A couple weeks ago my husband was doing work on our house as part of a large home renovation we are in the middle of and took a bad fall from about 12ft up a ladder in our back yard. We feel very fortunate that his injuries were not worse than they are but he did end up with two fractured shoulders, a fractured knee and a couple of teeth that need to be crowned from trauma to the face. It’s been a tough couple weeks for him as he accepts that this is what life will be for him for the next few months as he heals and works on building up his strength. For me, it was very stressful, both emotionally seeing someone you love in so much pain and trying to get the house set up so he can come home. I have had to make several arrangements for our home to make it wheelchair accessible, although temporary, it was necessary if we wanted him to come home to recover. It is funny how when things like this happen you go into task mode, you don’t let the stress or emotions guide you, you just get shit done. You see what needs to happen and you make it happen for those you love. We have many things to be thankful for like the fact this fall could have resulted in much more serious injury, even death and to know he has sick days at work so our income is not impacted, is huge.
But as the dust settles and we are now home reality sets in on what we have ahead of us.

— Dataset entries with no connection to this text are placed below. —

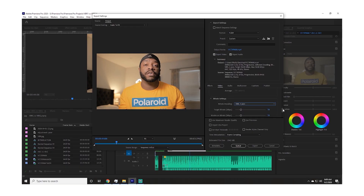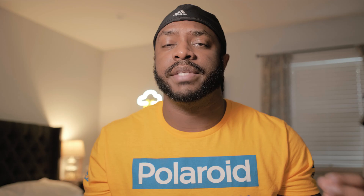VBR1, or single pass encoding, means that your footage is being encoded on the fly with a single bit rate. That bit rate is whatever you set your target as. Whereas VBR2, or multi-pass encoding, means that your footage is being processed twice — you set the target bit rate and then have a secondary bit rate to use in case some frames need a little extra oomph.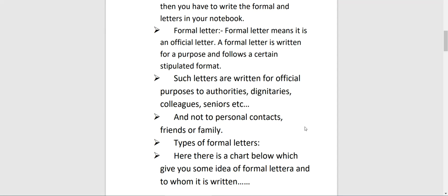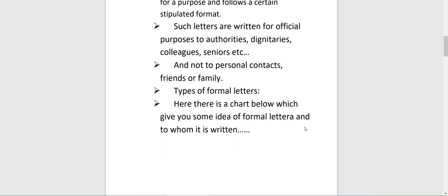Formal letters are always official letters which we write to designated people — like in an office, to the principal, or when we want to complain, for example writing a formal letter to the police station. In a formal letter we only talk mainly about the subject we are writing for. It follows a stipulated format covering the address, salutations, body, and conclusion. Such letters are written for official purposes to authorities, dignitaries, colleagues, seniors, etc., and not to personal contacts like friends or family.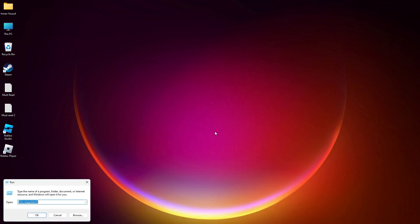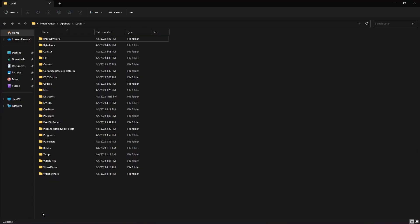First, search Run and open it on your computer. Then run the command as shown here. After that, click on OK.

Thankfully I mostly work remotely and my work has given me the freedom to work remotely completely until my husband can manage on his own. However when someone needs you it makes it hard to find time to do the things that you need to do for yourself as well. He would be the first one to say – go to the gym or go to yoga but the reality is, I can’t go and enjoy those things when I know that someone is waiting for me to come home so they can do simple things like move from bed to wheelchair or to use the washroom. It just doesn’t feel right leaving knowing that and it would make my time feel rushed and stressful.

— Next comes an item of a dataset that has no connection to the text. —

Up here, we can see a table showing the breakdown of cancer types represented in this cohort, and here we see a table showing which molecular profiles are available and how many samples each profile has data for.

This is probably the first time since I changed the way I live that something has not only challenged my time but ultimately is way more important than any gym session. But with every experience like this there is something to take away or learn from. For me, I learned that even when life can give you a shit ton of stress, it is not an excuse to eat like an asshole. Last week, while my husband was in the hospital, I managed to not only stay on track but I managed to loss a bit of weight. The biggest win for me that week was starring at donuts every morning to get my morning coffee from the Tim Hortons in the hospital lobby and recognizing that that donut, although it may make me feel better in the moment, it would make me feel like shit later and create disappointment in myself for not having the ability to recognize that. For some that may seem trivial, but as an emotional eater, that was a huge victory for me. And secondly, just recognizing that it is ok to not be doing exercise right now because there is something more important for me to be doing, is a good take away for me. I am so goal orientated that I recognize I often lose sight of what needs are right in front of me and know that I will be back in to my routines soon enough.
As we move forward, we need to focus on getting him back to work, doing what he loves which is cycling, and hopefully those home renovations that are waiting for him. 🙂 I need to make sure he keeps his spirits up and focuses on all the positive things right now because as we have already learned; there will be some good and bad days as we navigate his recovery. We need to roll with it and be grateful that it wasn’t worse.